Andrzej Sobczak1, 2
The current potential of tobacco harm reduction
Współczesne możliwości redukcji szkód wywołanych paleniem tytoniu
1Zakład Chemii Ogólnej i Nieorganicznej, Wydział Farmaceutyczny z Oddziałem Medycyny Laboratoryjnej, Śląski Uniwersytet Medyczny w Katowicach
2Zakład Szkodliwości Chemicznych i Toksykologii Genetycznej, Instytut Medycyny Pracy i Zdrowia Środowiskowego w Sosnowcu
Streszczenie
Palenie tytoniu jest przyczyną powstawania największej liczby nowotworów i chorób chronicznych oraz największej ilości zgonów w krajach rozwiniętych. Pomimo wielu metod zwalczania nałogu palenia (terapie behawioralne, nikotynowa terapia zastępcza, farmakoterapia) liczba palaczy zmniejsza się powoli. Dla osób, które nie są w stanie zaprzestać palenia, pomoc w zakresie redukcji szkód wywoływanych przez palenie tytoniu mogą stanowić alternatywne formy dostarczania nikotyny, które pojawiły się na rynku konsumenckim w ostatnich latach. Należą do nich elektroniczne papierosy, a ostatnio również bezdymne wyroby tytoniowe. Brak spalania tytoniu w tych produktach znacznie ogranicza liczbę szkodliwych związków inhalowanych przez użytkownika w porównaniu z dymem tytoniowym. Na podstawie dotychczasowych badań szereg prestiżowych organizacji ocenia pozytywnie redukcję szkód zdrowotnych po przejściu z konwencjonalnych wyrobów tytoniowych na elektroniczne papierosy, wyrażając jednocześnie zaniepokojenie związane z dalszym uzależnieniem użytkowników tych urządzeń od nikotyny oraz niebezpieczeństwem uzależnienia młodzieży od nikotyny. Większość z nielicznych doniesień dotyczących ich szkodliwości jest autorstwa pracowników laboratoriów badawczych pracujących na rzecz koncernów tytoniowych. Wydaje się jednak, że te nowe produkty mogą rzeczywiście zredukować szkody wywołane paleniem tytoniu, ale w jakim stopniu pozostaje kwestią otwartą.
Summary
Smoking is the cause of the highest number of cancers and chronic diseases as well as the highest mortality rates in developed countries. Despite a variety of methods to combat tobacco dependence (behavioural therapies, nicotine replacement therapy, pharmacotherapy), the decrease in the number of smokers is slow. Alternative forms of nicotine delivery, which have been introduced in the consumer market in recent years, may help reduce harm caused by smoking in individuals for whom smoking cessation is not feasible. These include electronic cigarettes and more recently developed smokeless tobacco products. Due to the absence of tobacco combustion in these products, the number of harmful compounds inhaled by the user is significantly reduced compared to tobacco smoke. Based on previous studies, a number of prestigious organizations express their positive opinion on the reduced adverse effects on health following transition from conventional tobacco products to electronic cigarettes, while expressing their concern over the continued dependence of the users of these devices on nicotine as well as the risk of nicotine addiction among adolescents. Most of the few reports on their harmfulness were published by laboratory workers employed by tobacco companies. It seems, however, that these new products can actually reduce tobacco-related damage, but to what extent it remains to be seen.
Introduction
Nicotine belongs to psychoactive substances, like ethyl alcohol and opioids. The common feature of these substances is their ability to induce addiction, which should be regarded as a complex disease of the central nervous system characterised by a persistent urge to obtain and use these substances. Discontinuation of psychoactive substances leads to somatic and mental disorders referred to as a withdrawal syndrome or withdrawal symptoms.

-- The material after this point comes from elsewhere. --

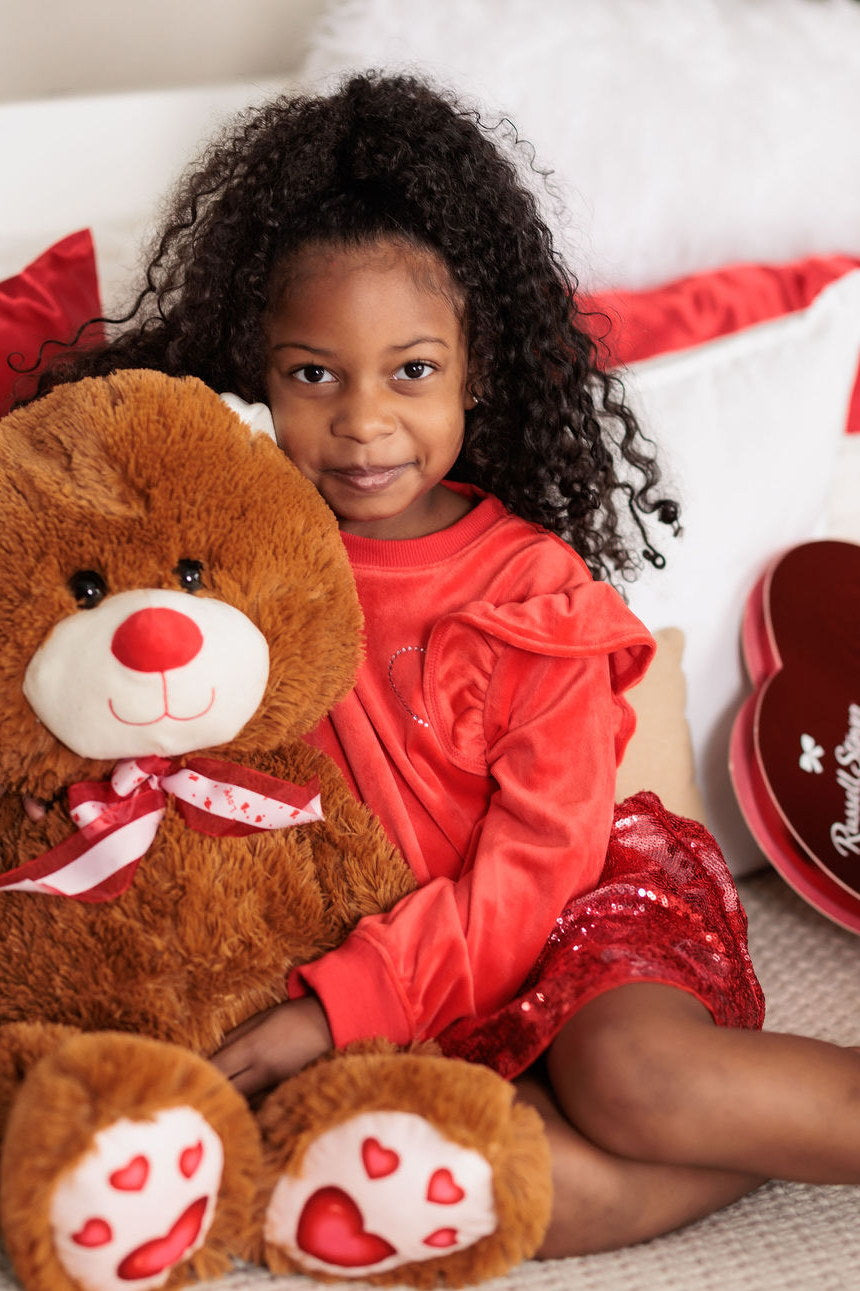 Cristina sitting on a bed holding a large teddy bear, dressed in red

Smoking tobacco and, in a wider sense, nicotinism is a particular type of addiction, which has spread considerably due to its widespread acceptance. Only after the extent of the harmful effects of nicotine and the large number of toxic compounds inhaled by smokers have been revealed, harm reduction strategy was incorporated in the management of nicotinism (1).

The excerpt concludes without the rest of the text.